Gifts make Peabody's collections more accessible
The Peabody Museum of Natural History has received gifts supporting its marine life, invertebrate paleontology and herbarium collections.
The Institute of Museum and Library Services (IMLS) has awarded the Peabody a Conservation Project Support of $49,955 to help preserve its collections of marine specimens.
The grant, which will be matched by the University, will enable the museum to provide a better environment for its collection of marine gastropods, echinoderms and soft corals -- including starfish, sea urchins and sea fans -- by purchasing and installing new storage cabinets and acid-free trays.
The Peabody's collection consists of nearly 300,000 marine, fresh water and terrestrial shells acquired in connection with research conducted by Yale faculty and graduate students over the course of the museum's history. This collection is both irreplaceable and worldwide in scope, and includes material of historical importance -- such as thousands of specimens from the landmark collection amassed by the U.S. Fish Commission along the Atlantic seaboard in the late 19th century.
According to Richard L. Burger, director of the Peabody Museum and professor of anthropology, "The IMLS grant provides much needed support to increase accessibility of the collections for teaching and research purposes as well as to ensure their preservation for the next century."
The Peabody Museum has also been awarded a Charles A. Ross and June R.P. Ross Endowment in support of invertebrate paleontology.
The endowment allows the museum to revitalize its efforts to showcase the significance of the collections and to bring in scholars for their study and research. The Rosses have also given the museum an "impressive" collection of invertebrate materials, including related printed documents, says Burger, noting that the endowment and related gift will make a "substantial and long-lasting impact on the important work of the Division of Invertebrate Paleontology."
The Peabody has also been given $8,695 by the Bay Foundation to acquire and curate the S. Wildfield Herbarium Collection.

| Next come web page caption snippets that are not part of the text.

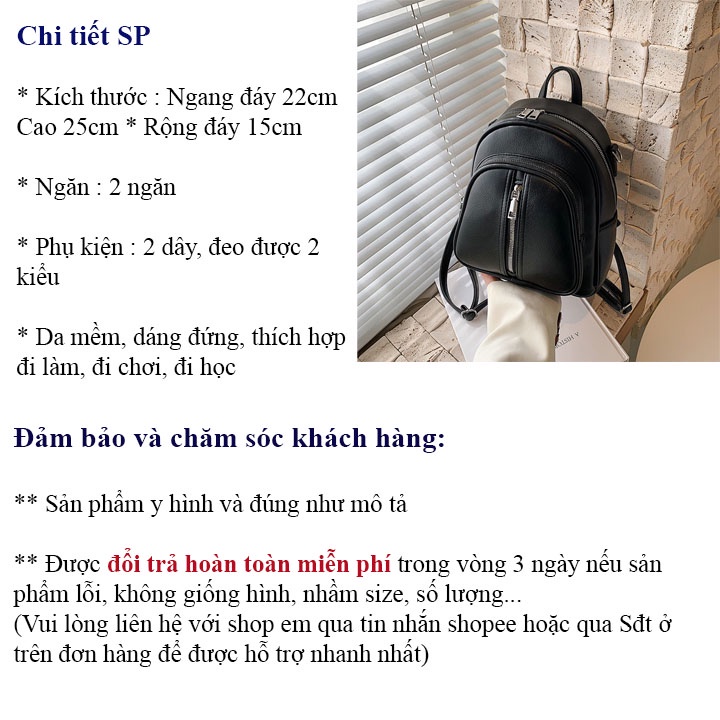 Balo nữ đi học , balo nữ đi chơi da mềm mịn đẹp đeo được 2 kiểu , ba lô khóa dọc xinh xắn BL3 video ảnh thật cuối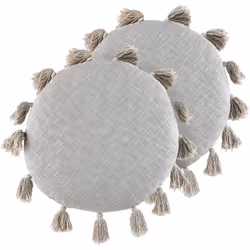 Coppia di cuscini decorativi rotondi. Questi cuscini rotondi sono veri e propri pezzi decorativi che staranno benissimo da so ...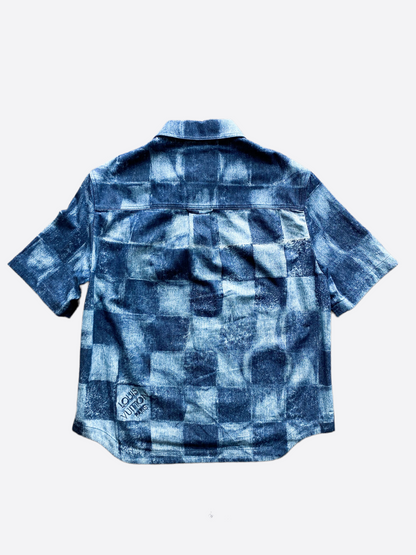 Louis Vuitton Salt Damier Short Sleeve Button Up Shirt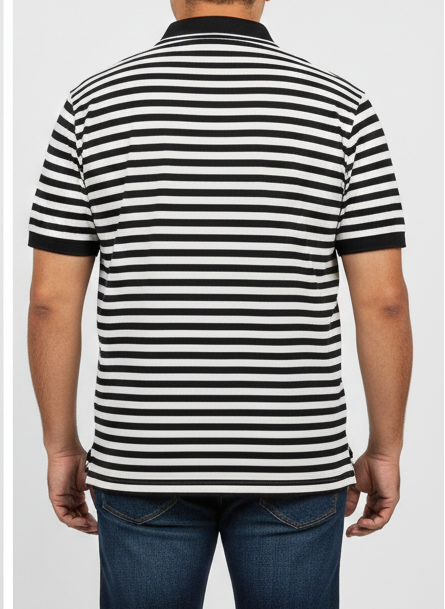 Men’s Classic Striped Polo T-Shirt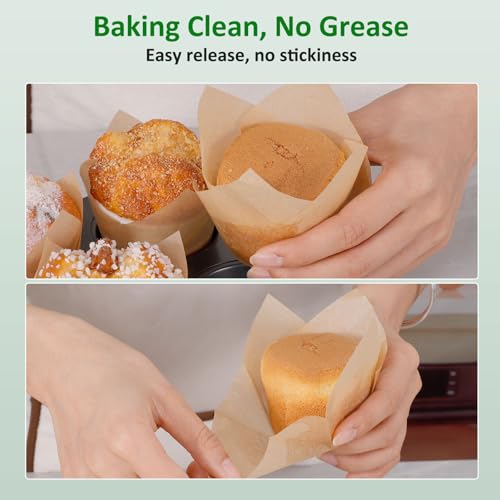Caperci 150pcs Tulip Cupcake Liners Parchment Paper Muffin Cups for Baking - color: Natural (150-Count)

The Wildfield collection was originally acquired by Charles H. Bissell, an early Connecticut botanist who died in 1925. Bissell was one of the founding members of the Connecticut Botanical Society and many of his specimens are now housed in the Yale Herbarium
"This excellent historical and scientifically valuable botanical collection, featuring specimens collected in the early 1900s, complements and enhances the present collection in the Yale Herbarium at the Peabody Museum of Natural History," says Burger.